Management's Discussion and Analysis of Financial
Condition and Results of Operations
Results of Operations (continued)
Expenses totaled $131,111 and $264,022 (net of depreciation and
amortization) for the three and six months ended June 30, 1999, respectively,
representing decreases compared to the same periods in 1998 of $14,862 and
35,963, respectively. The decreases are primarily the result of lower
professional and interest expenses.
Outlook
During the second quarter of 1999, the Fund placed the
Dallas-Metropolitan and the Atlanta properties under contract. In addition, the
Fund has received strong interest from San Diego County regarding the purchase
of the San Diego-Union property. The sale of each of these properties is
contingent upon each of the buyers conducting certain due diligence. There is no
assurance that the buyers will close on these properties.
During the first quarter, Central Parking Systems, Inc. acquired
Allright Corporation. While Central could decide to operate certain of the
Allright facilities, most will likely continue to be operated by Allright. All
terms and conditions of the parking leases will continue to remain in effect,
whether the facilities are operated by the Allright or Central.
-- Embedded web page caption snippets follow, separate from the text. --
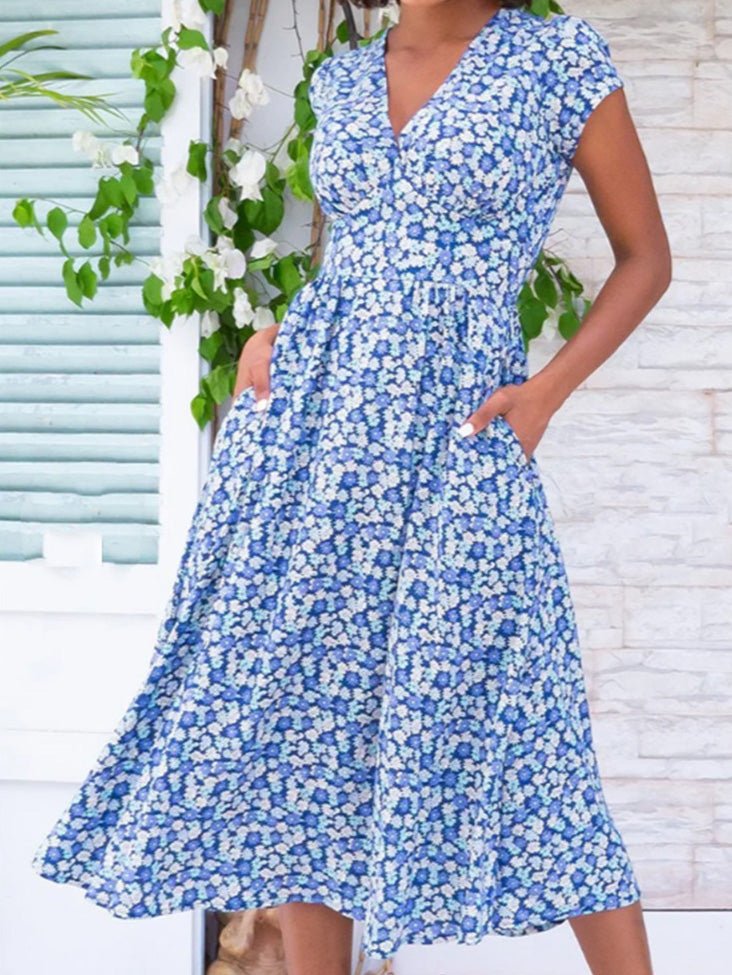 Classic Vintage Dress with a Flattering Fit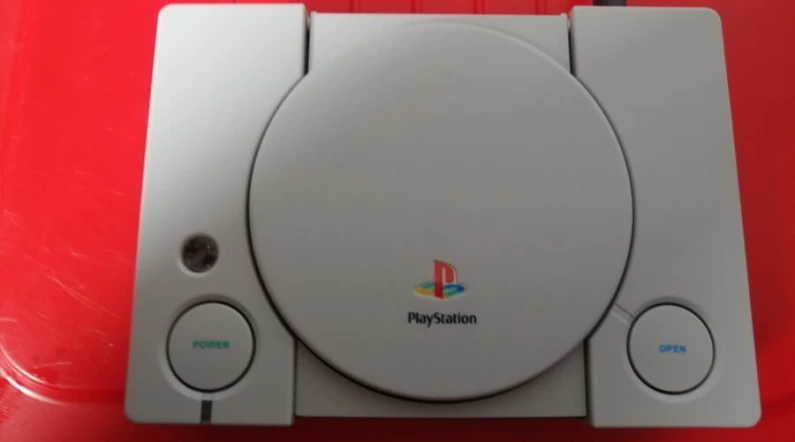 PlayStation 1 : Un réveil iconique et une enceinte Bluetooth sexy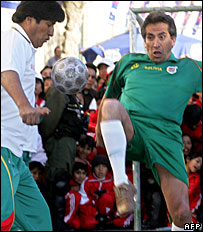 Evo Morales joga futebol em La Paz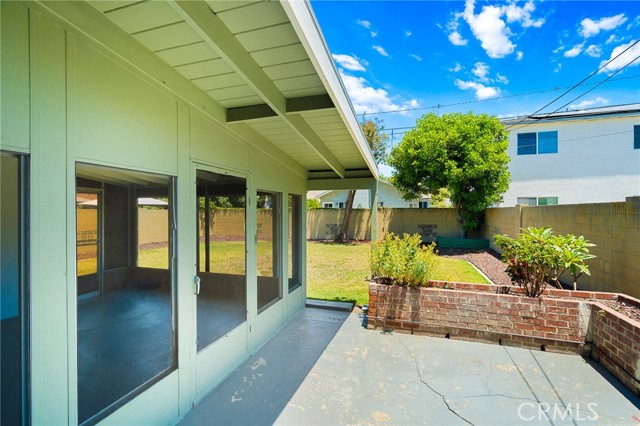 Image 33 of 40 For 5316 Lorelei Avenue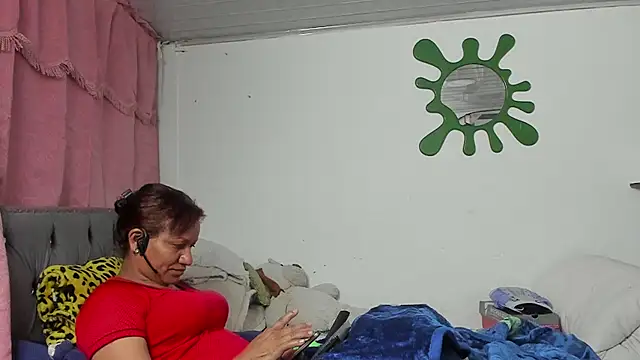 Snapshot of Laflaka22 chatting on October 2025 10:54:02 PM Laflaka22 online show from October 2025 10:54:02 PM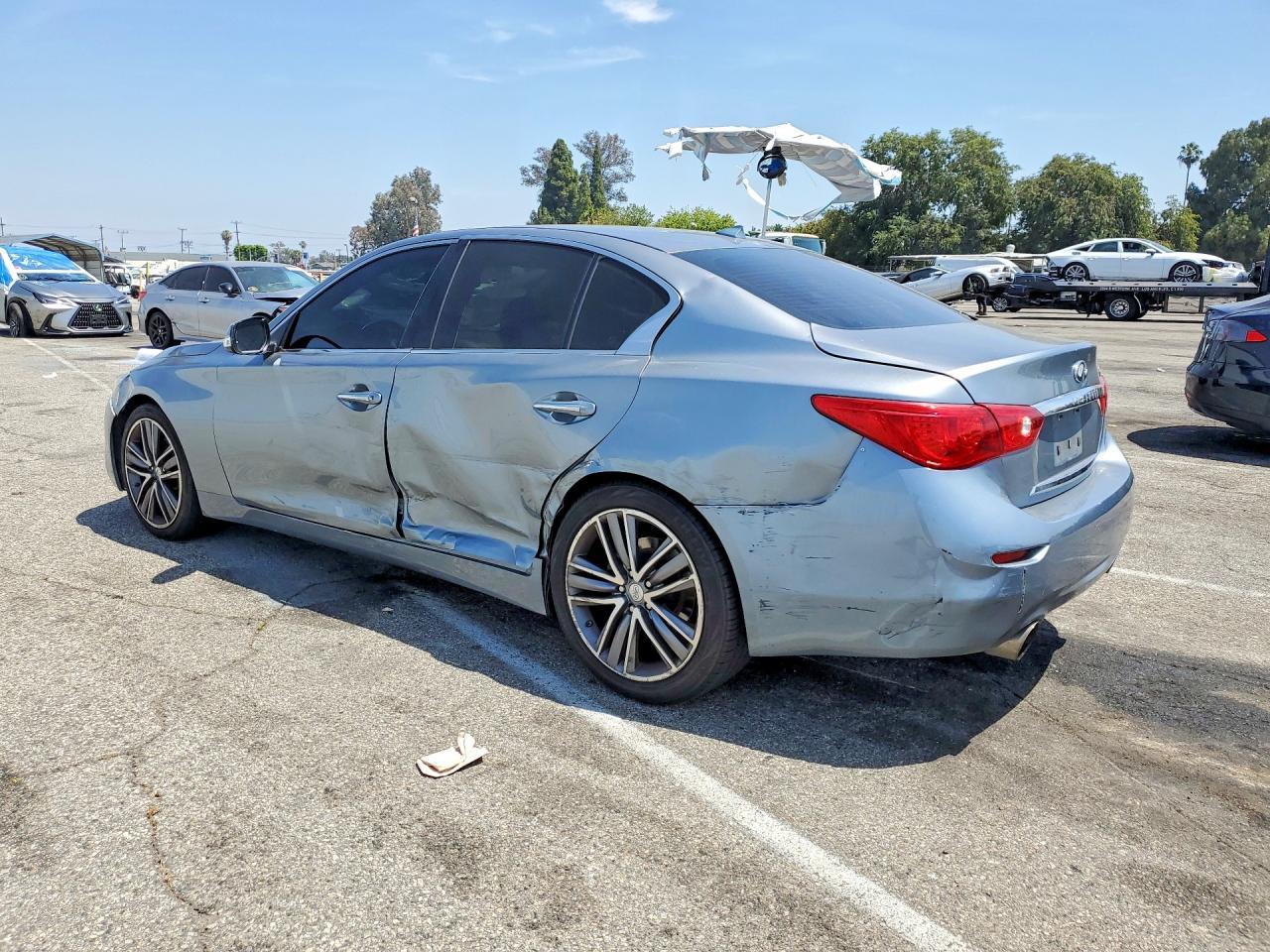 2015 Infiniti Q50 Premium - Image 2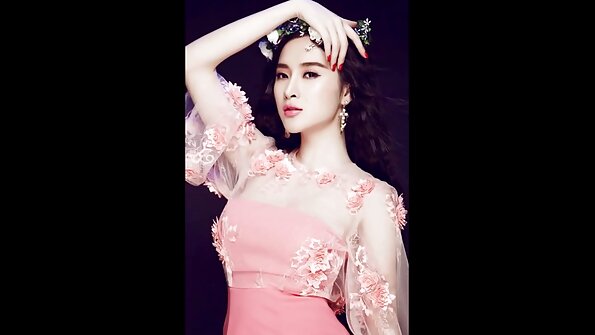 డోల్డ్-అప్ ఆసియన్ హాటీ ఆమె గట్టి గాడిదను నింపుతుంది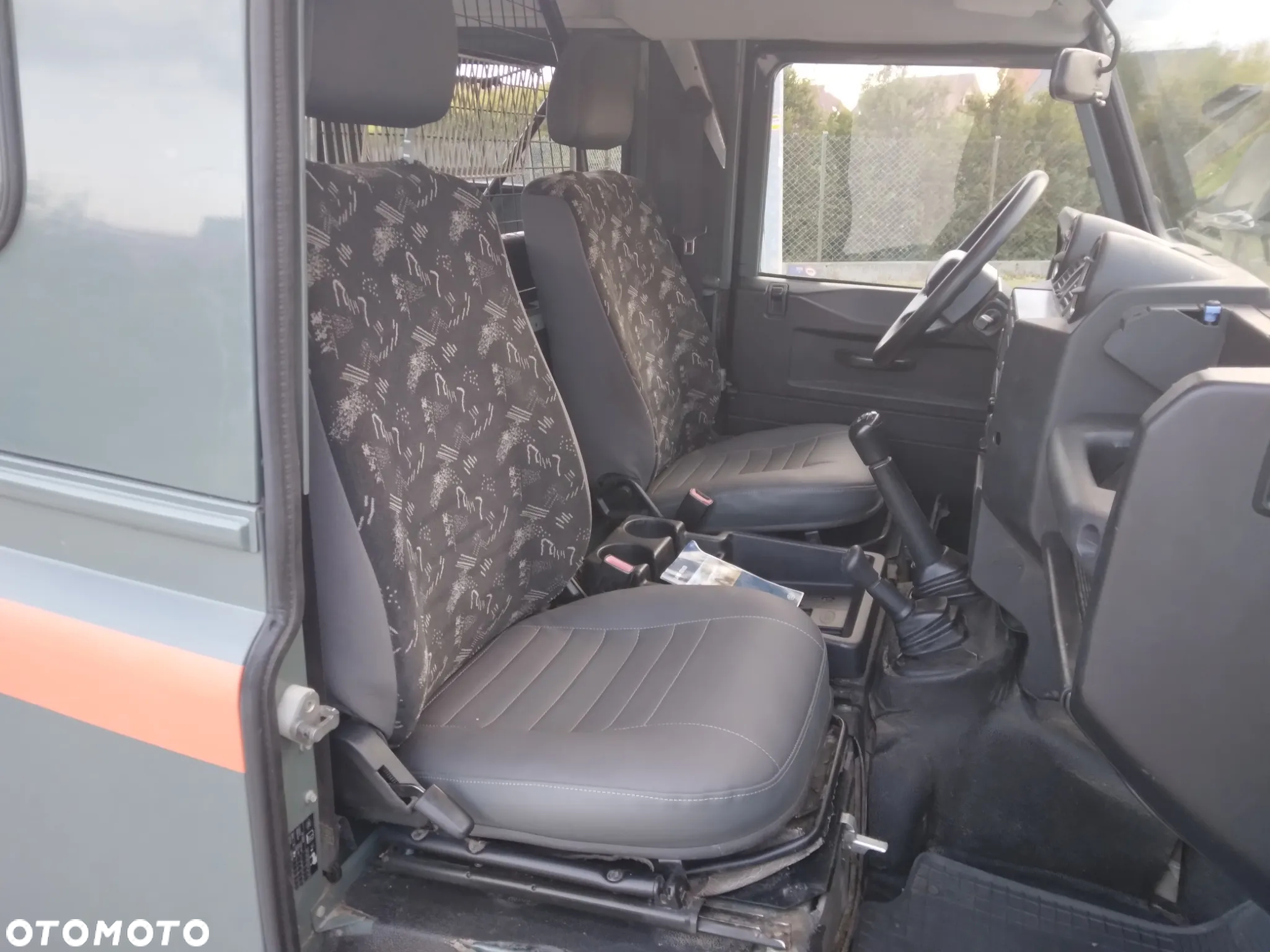 Land Rover Defender 110 2.2 TD4 E - 8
The Fund, in accordance with its original investment strategy,
continues to examine opportunities for disposition of its facilities. While it
has been anticipated that the highest returns would be obtained from selling
properties for development potential, strong returns may also be earned from
selling properties based on their parking economics.
Year 2000
The General Partner is aware of the issues associated with the
programming code in many existing computer systems (the "Year 2000" issue) as
the millennium approaches. The General Partner has conducted a review of its
computer systems to identify hardware and software affected by the Year 2000
issue. This issue affects computer systems having date sensitive programs that
may not properly recognize the Year 2000. Systems that do not properly recognize
such information could generate erroneous data or cause a system to fail
resulting in business interruption.
With respect to its existing computer systems, the General Partner is
upgrading, generally in order to meet the demands of its expanding business. In
the process, the General Partner is taking steps to identify, correct and/or
reprogram and test its existing systems for Year 2000 compliance. It is
anticipated that all new system upgrades or reprogramming efforts will be
completed by September 30, 1999, allowing adequate time for testing. The General
Partner presently believes that with modification to existing software the Year
2000 issue can be mitigated. However, given the complexity of the Year 2000
issues, there can be no assurances that the General Partner will be able to
address the problem without costs and uncertainties that might affect future
financial results of the Fund.
The General Partner has incurred, and expects to incur additional
internal costs as well as other expenses to address the necessary software
upgrades, training, data conversion, testing and implementation related to the
Year 2000 issue. Such costs are being expensed as incurred. The General Partner
does not expect the amounts required to be expensed to have a material effect on
the Fund's financial position or results of operations.
-8-
<PAGE>
REALTY PARKING PROPERTIES II L.P.
Management's Discussion and Analysis of Financial
Condition and Results of Operations
Year 2000 (continued)
The Year 2000 issue is expected to affect the systems of various
entities with which the Fund and the General Partner interact including the
lessees of the Fund's parking properties as well as payors, suppliers and
vendors. The lessees have been queried on their Year 2000 readiness. Management
believes the lessees are addressing and resolving their concerns on a timely
basis and will continue to evaluate the lessees' Year 2000 readiness and develop
contingency plans as appropriate. To date, Management is not aware of any
significant Year 2000 issue that could materially impact the lessees. However,
there can be no assurance that data produced by systems of other entities, on
which the General Partner's systems rely, will be converted on a timely basis or
that a failure by another entity's systems to be Year 2000 compliant will not
have a material adverse effect on the Fund.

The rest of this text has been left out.